America the… um… bitterly cold?

Thursday, January 10th, 2008

In case you hadn’t noticed, I am now back in America. Oregon, to be exact.

So let’s see… Tane took me to the Brisbane airport at 8.00 am on 26 December, 2007. My flight departed at 11.45, and after hopping quickly down to Sydney to catch my international flight to LAX, I arrived safely in California at 9.00 am, 26 December, 2007. Huzzah for the International Date Line! And no, Charlie, it’s not a telephone number that you can call to get hooked up with “Hott Asian Girrrrrlz.”

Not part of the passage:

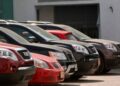 Venta de autos cae 21% en octubre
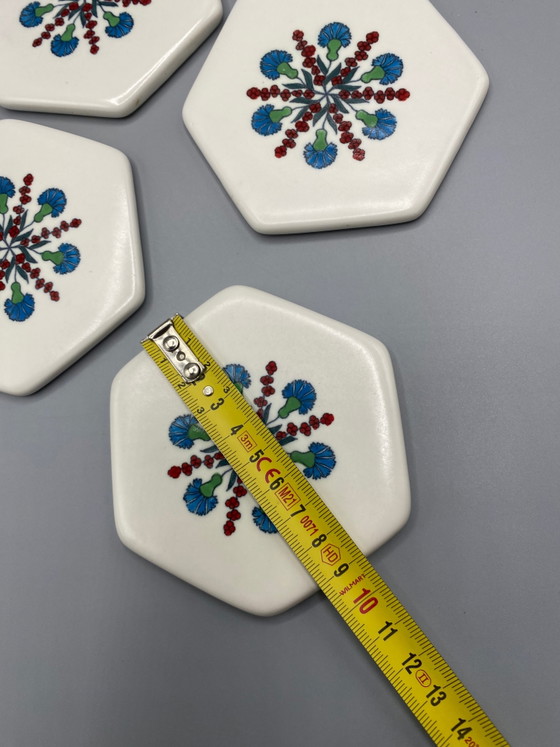 Maison Manoï – Ensemble de 4 sous-verres de jardin en porcelaine – Bát Tràng – Objets déco (photo 3 of 4)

Anyway, I had a long layover in LAX while I waited for my flight to Portland, and after arriving in Portland (where my absolutely amazing dad and superbly wonderful sister Christine were waiting for me), I then drove the three hours home. In the snow. Talk about climate change. Anyway, so all up, it was just about 38 hours from Brisbane to home. I don’t plan to be doing that again any time soon, thank you.

So there. Being back stateside has made me realise just how much I missed my family and friends and has certainly put this whole “living internationally” thing into perspective. More on that later.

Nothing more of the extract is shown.